### What you need to do
Output all of the records exactly as written.

#### Input

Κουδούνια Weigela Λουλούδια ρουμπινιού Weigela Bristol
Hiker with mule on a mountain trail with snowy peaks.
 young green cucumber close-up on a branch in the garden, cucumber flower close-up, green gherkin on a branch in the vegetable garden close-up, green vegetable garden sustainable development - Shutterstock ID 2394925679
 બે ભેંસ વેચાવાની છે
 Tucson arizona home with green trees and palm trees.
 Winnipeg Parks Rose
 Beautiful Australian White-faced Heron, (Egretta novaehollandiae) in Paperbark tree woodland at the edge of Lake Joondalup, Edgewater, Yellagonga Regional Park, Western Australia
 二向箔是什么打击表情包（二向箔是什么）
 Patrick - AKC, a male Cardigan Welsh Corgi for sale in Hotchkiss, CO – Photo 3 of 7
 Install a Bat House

########

### Exercise solution
Κουδούνια Weigela Λουλούδια ρουμπινιού Weigela Bristol
Hiker with mule on a mountain trail with snowy peaks.
 young green cucumber close-up on a branch in the garden, cucumber flower close-up, green gherkin on a branch in the vegetable garden close-up, green vegetable garden sustainable development - Shutterstock ID 2394925679
 બે ભેંસ વેચાવાની છે
 Tucson arizona home with green trees and palm trees.
 Winnipeg Parks Rose
 Beautiful Australian White-faced Heron, (Egretta novaehollandiae) in Paperbark tree woodland at the edge of Lake Joondalup, Edgewater, Yellagonga Regional Park, Western Australia
 二向箔是什么打击表情包（二向箔是什么）
 Patrick - AKC, a male Cardigan Welsh Corgi for sale in Hotchkiss, CO – Photo 3 of 7
 Install a Bat House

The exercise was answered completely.